It would take a huge volume to give a detailed account of all the qualities, powers, and peculiarities of this wild Spark. We will just touch on a few facts which are necessary to the elucidation of our tale.
A great event in the world’s history happened in the year 1745. It was nothing less than the capture and imprisonment of wild, daring, dashing Electricity. To the Dutch philosophers belongs the honour of catching him. They caught him—they even bottled him, like ordinary spirits, and called his prison a Leyden Jar.
From that date our Spark became the useful and obedient slave of man. Yet is he ever ready, when the smallest conceivable door, hole, or chink is left open, to dash out of the prison-house man has made for him, and escape into his native earth.
He has no hope now, however, of escaping altogether, for he cannot resist the allurement of rubbing, by which, as well as by chemical action and other means, we can summon him, like the genii of Aladdin’s lamp, at any moment, from the “vasty deep,” and compel him to do our work.

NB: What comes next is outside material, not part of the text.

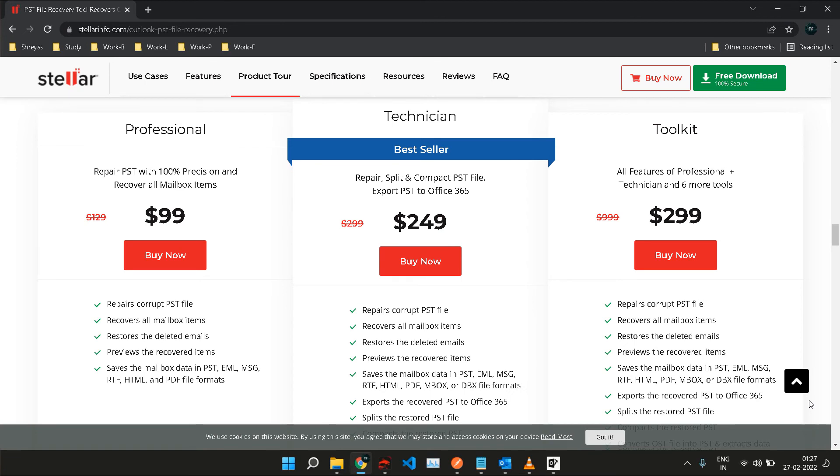There are different kinds of licenses that you can buy based on how much you think you would be using Stellar Repair for Outlook in your use case. There's a one-year license and there's the lifetime license, which I find to be a much better deal. You can click on the link in the description to get yourself a copy right away.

And what sort of work, it may be asked, can this volatile fellow perform? We cannot tell all—the list is too long. Let us consider a few of them. If we fabricate tea-pots, sugar-basins, spoons, or anything else of base metal, he can and will, at our bidding, cover the same with silver or yellow gold. If we grow dissatisfied with our candles and gas, he will, on being summoned and properly directed by the master minds to whom he owns allegiance, kindle our lamps and fill our streets and mansions with a blaze of noonday splendour. If we grow weary of steam, and give him orders, he will drive our tram-cars and locomotives with railway speed, minus railway smoke and fuss. He is a very giant in the chemist’s laboratory, and, above all, a swift messenger to carry the world’s news. Even when out and raging to and fro in a wild state, more than half-disposed to rend our mansions, and split our steeples, and wreck our ships, we have only to provide him with a tiny metal stair-case, down which he will instantly glide from the upper regions to the earth without noise or damage. Shakespeare never imagined, and Mercury never accomplished, the speed at which he travels; and he will not only carry our news or express our sentiments and wishes far and wide over the land, but he will rush with them, over rock, sand, mud, and ooze, along the bottom of the deep deep sea!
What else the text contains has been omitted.